I'm a brother to two passionate and intellectually curious college-educated siblings. I'm a son to two happily married kindred hearts. I'm a journalist in spirit and a writer at heart. I'm a reader. I love people. I love music. I write music. I'm a nerd.
The list goes on, perhaps endlessly. But I believe the question, "Who are you?" can't be adequately answered with titles, accomplishments, labels, and the like. Instead, only a story can paint a clear enough picture to merit the answer I believe you're looking for.
If you'd like to know more about my history of personal and career accomplishments, I can offer credibility where that is concerned, too.
What Higher Level Education Can Do: My SUNY Fredonia Growth Story
My freshman year at SUNY Fredonia marks the first steps I took in my writing journey. It was one that unraveled from the death of another passion I carried over from my adolescence.
When everyone in high school's first big investment was their car or their driver's license, I took it upon myself to hone my skills as a musical composer. Driving would have to wait.
I invested thousands of my hard-earned cash on musical software for my computer. I was assured I was going to become the next Mozart.
But the future had other plans for me. My musical prowess was and still is abnormally convincing for someone with not a shred of professional musical education or training, but my instrument-playing skills, or lack thereof, were the walls that towered well above my head. They drew a wedge between me and my musical endeavors.
I didn't make it into Fredonia's musical composition program. I was devastated, but not without a backup plan. Even though music was my passion, writing was my unsung talent. Rather than applying to another musical composition program at another school, I pivoted. I chose what I believed to be the most lucrative alternative: journalism.

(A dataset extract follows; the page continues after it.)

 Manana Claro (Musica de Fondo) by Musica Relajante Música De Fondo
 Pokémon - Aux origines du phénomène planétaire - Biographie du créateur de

But there was one thing holding me back.
I had crippling social anxiety. How could I thrive as a journalist if I had a hard enough time getting out of my dorm room to make friends, let alone interview sources for breaking news stories?
The answer was persistence. Raging against the limitations I had imposed upon myself. I had three choices:
1. Give up again. Accept my limitations and call it quits. Fall back once again on music.
2. Stop going to college altogether. I'm too young and timid, right? Wait till I'm older to do this adult stuff.
3. Overcome my crippling social anxiety. Decide to go all in this time, despite how scary it might seem.
I chose the latter. Thank goodness I did. I persevered. The shift wasn't easy and I had many awkward moments, but I chose to milk this college experience for all it was worth. I couldn't have made a better choice.
I overcame my crippling social anxiety through journalism.
I learned how to prepare for and get the most out of journalistic interviews.
I honed my critical thinking skills through my second major; philosophy.
I participated in cultural clubs and made friends whose rainbow of life experiences, ethnicities, cultures and beliefs enriched me. I am thankful to them for sharing their world with me and offering their crucial and valuable perspectives.
Being an active member of the Fredonia community while juggling coursework made me a better multitasker and a more resilient person.
I began working for the school newspaper, The Leader, in Fall 2017. I was quickly promoted from staff writer to assistant news editor. I've written dozens of articles for this student-run campus newspaper and interviewed 100+ sources.
I interned as a biography writer in Summer 2018. I wrote three expertly written and well-researched biography stories for the Buffalo Music Hall of Fame (BMFOH) inductees Philip Burke, FARE Trade, and the Buffalo Choral Arts Society. Even though I have written much more since then, these BMFOH bios are still some of my favorite written pieces.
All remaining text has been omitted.